Royal Melbourne says XP virus is under control
Melbourne Health says the virus that infected its network over the weekend and caused major problems to the pathology department is now under control.
As reported by The Age on Monday, Royal Melbourne Hospital told staff in an email that the virus had hit the pathology department, causing staff to manually process specimens and disrupting electronic order and results entry.
Melbourne Health issued a very brief statement on Tuesday saying the organisation wanted to reassure patients that there was minimal disruption to patient services.
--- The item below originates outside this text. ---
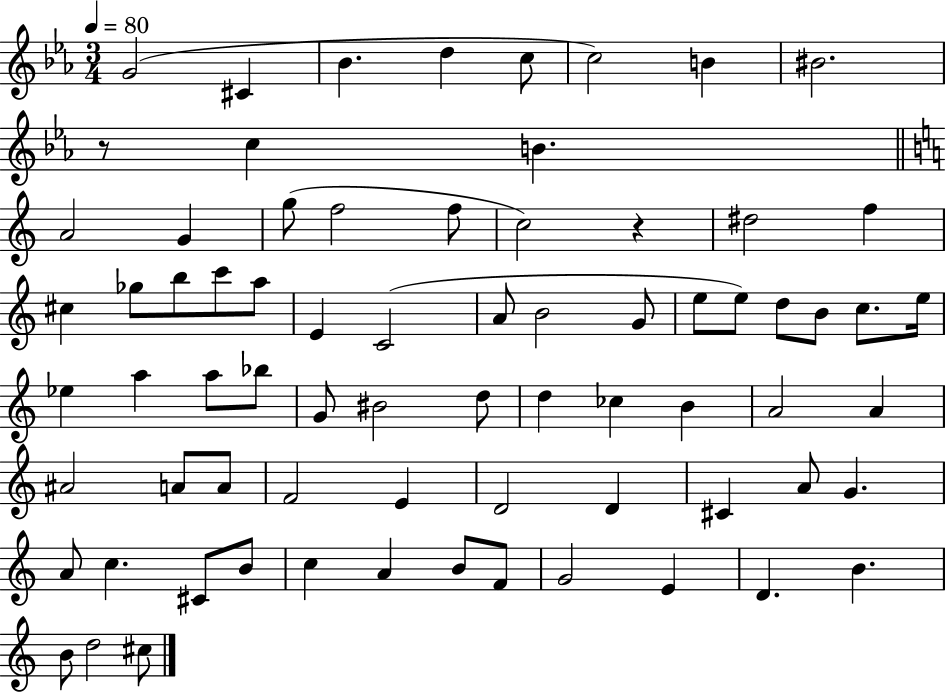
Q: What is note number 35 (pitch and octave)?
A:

"Elective surgery and our emergency department are operating as normal,” it said. "There have been a very small number of outpatient cancellations. Our IT team are making good progress in rectifying the issue and we hope to be back to normal as soon as possible."
It has since superseded this with another brief statement saying it was managing the virus.
“While the virus has been disruptive to the organisation, due to the tireless work of staff we have been able to minimise this disruption to our patients and ensure patient safety has been maintained,” the statement says.
“Computers running on most of our systems are now clear of the virus and IT staff are working to restore the remaining Windows XP computers as quickly as possible.
“As of 10am [November 19], many programs affected by the virus are up and running including pathology and pharmacy.”
The head of Royal Melbourne's ICU, Chris MacIsaac, told 3AW that the virus had stopped hospital staff from accessing pathology results.
“This has slowed down the process and we have reverted to old-fashioned methods with paper-based records and phoning through and faxing results," Associate Professor MacIsaac said.
While Windows XP has not been supported by Microsoft for close to two years, many large healthcare organisations have yet to upgrade to a newer operating system due to cost or are still running XP machines to support the vast number of legacy clinical, administrative and research systems widely used in hospitals.
A Pulse+IT source said it was possible that a backdoor had been found into Melbourne Health's systems but it was very common for viruses to be introduced by visiting clinicians or researchers plugging in their personal laptop or a USB.